Im Jahr 2017 wurde die 23-Jährige in ihrer Gewichtsklasse Europäische Hochschulmeisterin. Im selben Jahr vertrat sie Deutschland bei der Sommer-Universiade in Taipeh, einem an die Olympischen Spiele angelehnten Turnier für studentische Topathletinnen und -athleten. „Das waren Erlebnisse, die man sein Leben lang nicht vergisst“, sagt sie. „Die Universiade ist die nach den olympischen Sommerspielen zweitgrößte Multisportveranstaltung der Welt – dort teilnehmen zu dürfen, war ein unbeschreibliches Gefühl.“

Wie viele andere Spitzensportlerinnen und -sportler abseits von Disziplinen wie Fußball oder Tennis verdient Schmidt trotz ihrer Erfolge wenig bis gar kein Geld mit ihrem Sport. Neben Training und Studium arbeitet sie deshalb noch als Werkstudentin in der Marketingabteilung eines Autohauses. Dass sie daher nur ein bis zwei Tage in der Woche in die Universität kommen kann, dafür hätten ihre Dozentinnen und Dozenten aber Verständnis. „Die Lehre an der Freien Universität ist sehr flexibel“, sagt sie. „Besonders hilfreich ist das sehr gute Online-System.“

Johannes Lotz studiert Psychologie und ist als Sportler erfolgreich: Er holte im vergangenen Jahr als Schlagmann im Doppelvierer die Bronzemedaille bei der U-23-Weltmeisterschaft im polnischen Posen.

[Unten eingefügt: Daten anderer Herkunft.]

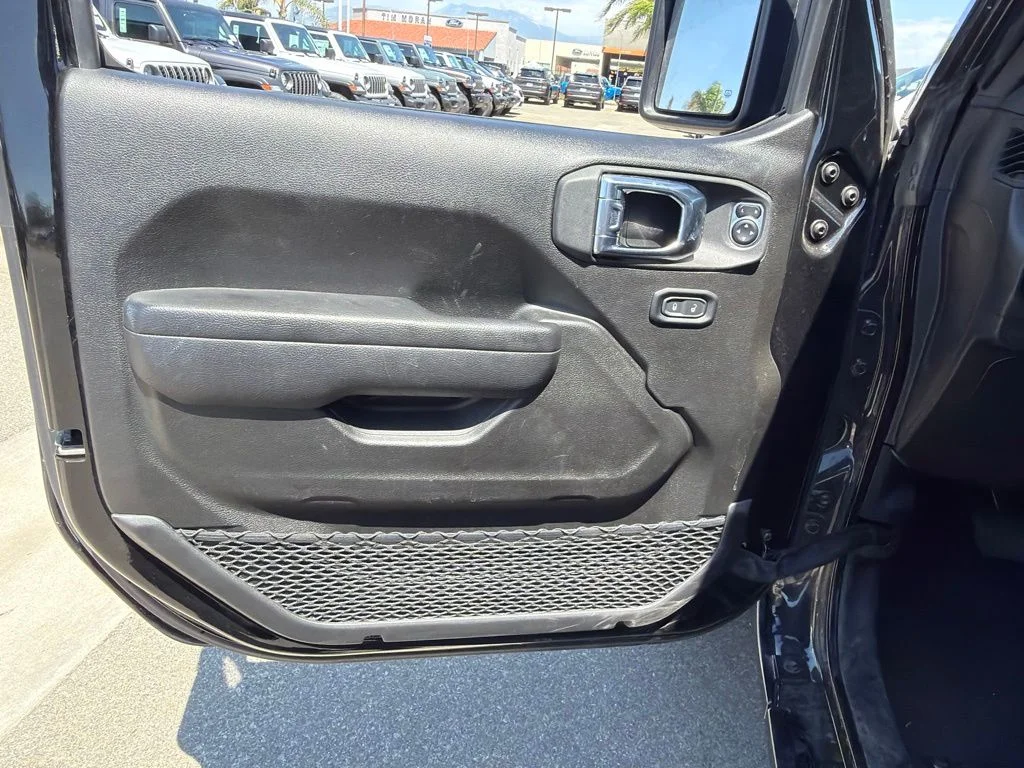 Used 2025 Black Jeep Sport S image 15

Johannes Lotz studiert Psychologie und ist als Sportler erfolgreich: Er holte im vergangenen Jahr als Schlagmann im Doppelvierer die Bronzemedaille bei der U-23-Weltmeisterschaft im polnischen Posen.
Bildquelle: Miriam Klingl

Training von Montag bis Samstag

So empfindet das auch der Ruderer Johannes Lotz. „Ich muss der Freien Universität ein Lob aussprechen“, sagt er. „Ich habe die Dozentinnen und Dozenten immer als sehr aufgeschlossen und verständnisvoll kennengelernt.“ Im vergangenen Jahr holte Lotz als Schlagman im Doppelvierer Bronze bei der U23-Weltmeisterschaft im polnischen Posen.

2015 konnte er zudem Silber im U19-Doppelzweier und 2014 sogar Gold im U19-Doppelvierer errudern. Von Montag bis Samstag trainiert Lotz dafür von 8 bis 14 Uhr am Berliner Olympiastützpunkt am Hohenzollernkanal. Mit seinen konstant hervorragenden Leistungen kommt Lotz in einen Bereich, in dem eine Olympiateilnahme möglich scheint. Dann wäre es mit dem Studium allerdings erst einmal vorbei. „Je näher das Ziel Olympia kommt, desto mehr wird klar, wie viel man dafür opfern muss“, sagt er. „Vor den Spielen stehen ein bis zwei Lebensjahre an, die nur im Zeichen des Leistungssports stehen.“ Man sei kaum zuhause, nebenher zu studieren oder zu arbeiten sei praktisch kaum möglich. „Man muss sich wirklich gut überlegen, ob man dazu bereit ist“, sagt Lotz.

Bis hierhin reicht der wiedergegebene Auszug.